Government to ease restrictions on low-cost pensions
Workers will find it easier to build up their retirement pots, as the Government plans to ease rules around its new pension scheme.
Pensions Minister Steve Webb says the Government will introduce laws "as soon as time allows" to lift restrictions placed on the National Employment Savings Trust (Nest), which was set up to smooth the automatic enrolment of workers into pension schemes.
From 2018, all employers will have to offer workplace pensions, and Nest was set up as a low-cost option for firms to use in providing them.
Webb said he would legislate to raise the £4,500 annual contribution limit into Nest from 2017, in time for an increase in minimum contributions to pension schemes
Minimum contribution levels are currently set at 2% of earnings. But as auto-enrolment progresses contribution levels will rise to 5% of earnings from October 2017 and 8% the following year.
The Government will also ease rules so that people can transfer existing pensions into Nest, to help them build up one big pot.

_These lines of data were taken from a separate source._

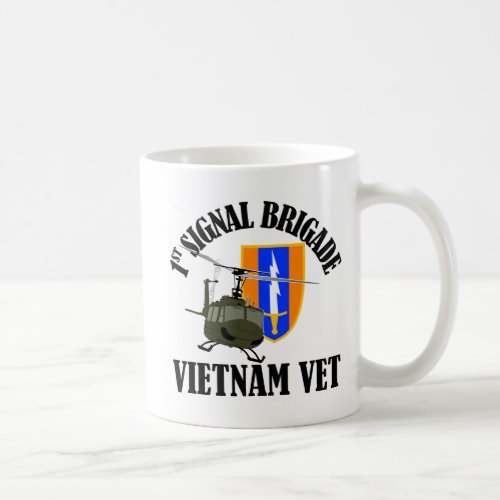 Vietnam Vet _ 1st Sig Bde Coffee Mug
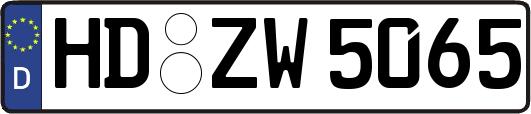 HD-ZW5065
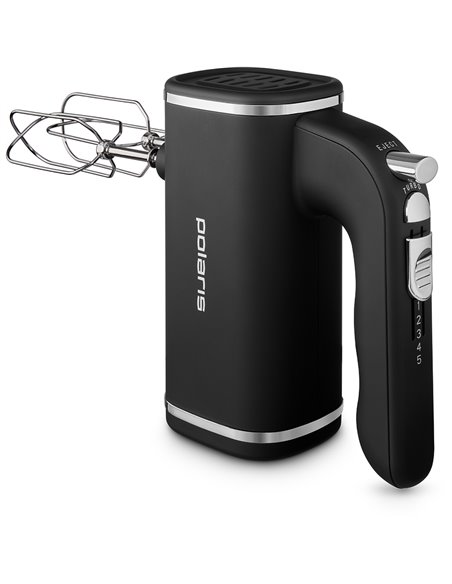 Миксер ручной Polaris PHM5014, Чёрный Миксер ручной Polaris PHM5014, Чёрный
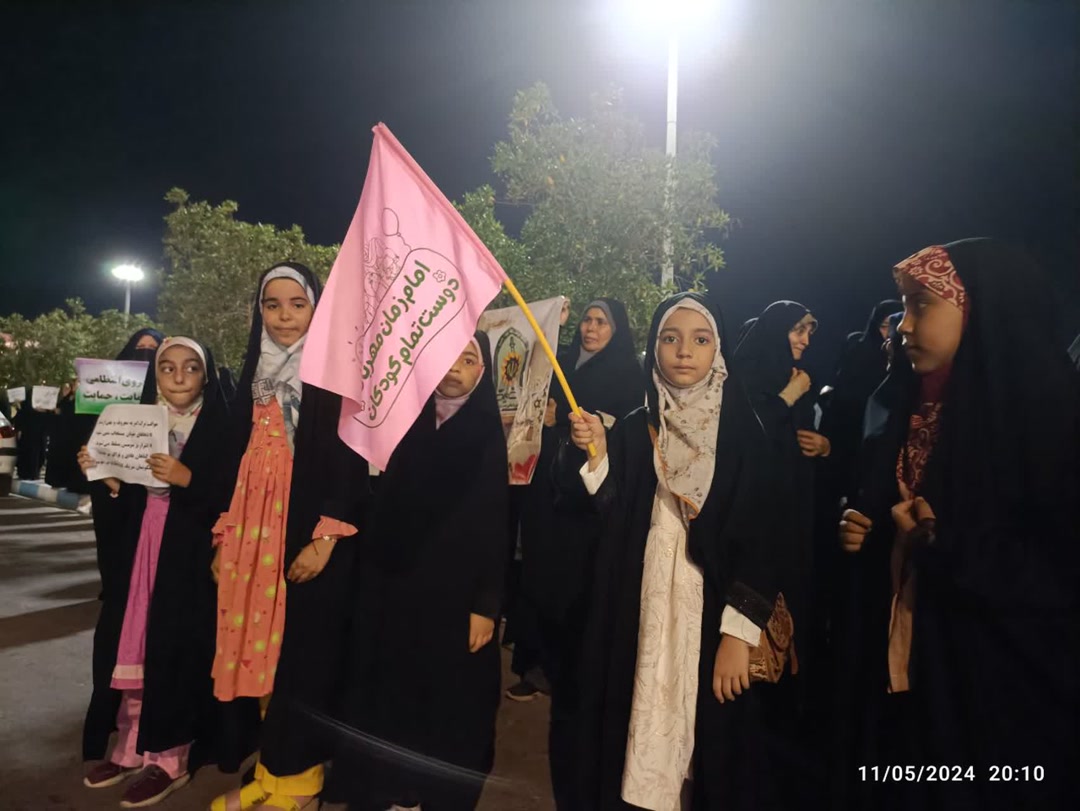 اجتماع مردمی حمایت از "طرح نور" فراجا در بندرعباس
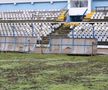 Stadionul din Brăila se află într-o stare de degradare fără precedent / FOTO: Andrei Furnigă (GSP)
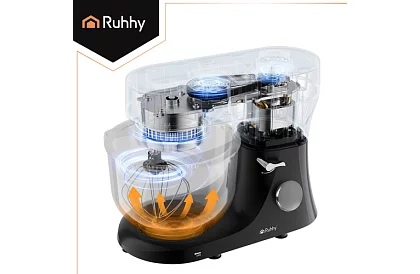 Robot kuchenny z podgrzewaną misą 5,7 l – 2300 W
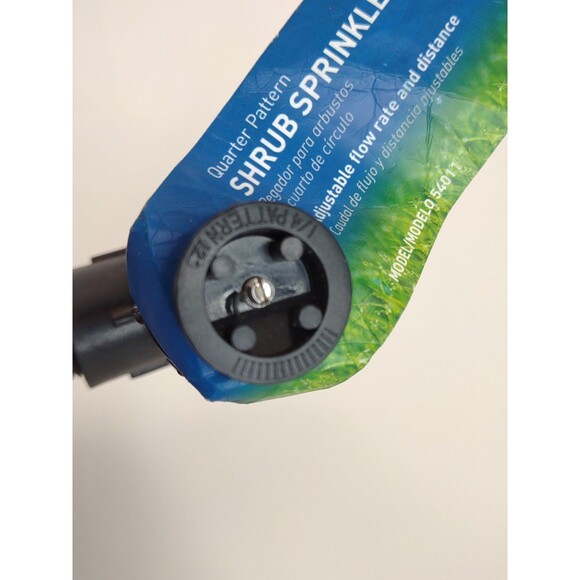 Orbit 54011 Quarter Spray 90° Pattern Shrub Sprinkler Head 1 GPM 25 PSI. - Picture 4 of 11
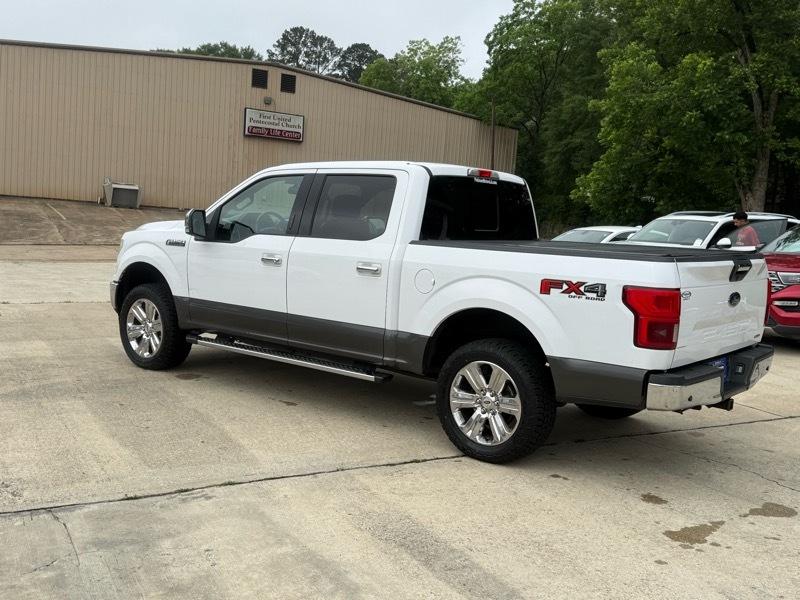 Ford F-150 4WD SuperCab 145" XLT 2018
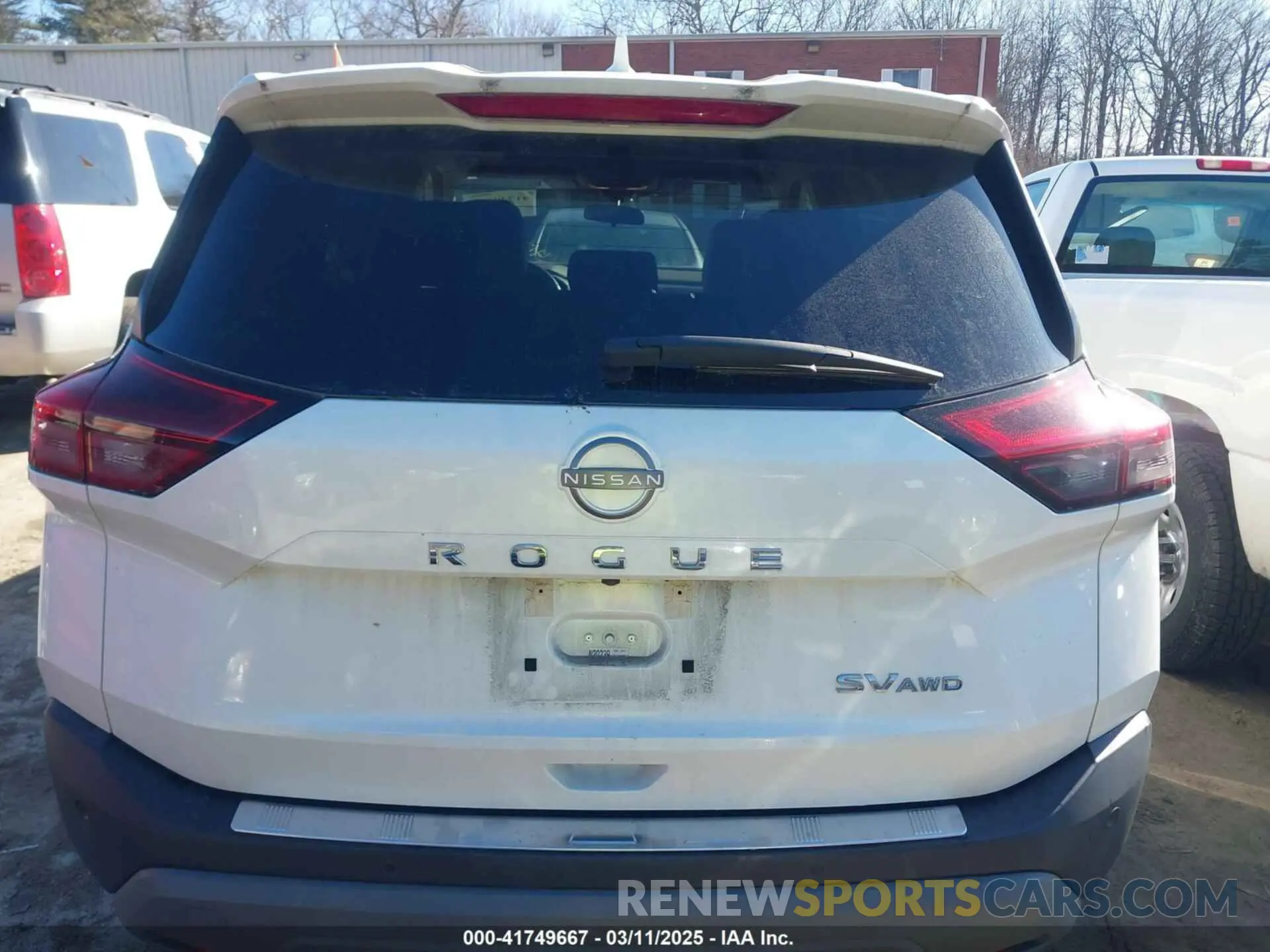 16 fotografías del automóvil dañado 5N1BT3BB3NC707269 NISSAN ROGUE 2022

MPs on the Work and Pensions Select Committee recently said caps on annual contributions into Nest and a ban on transfers in and out of the scheme should be scrapped "as a matter of urgency"
Around 10 million workers will be placed in workplace pensions as part of the Government's plans to tackle the retirement saving crisis.
The auto-enrolment process began with larger firms last October, and all employers will be brought into the reforms by February 2018.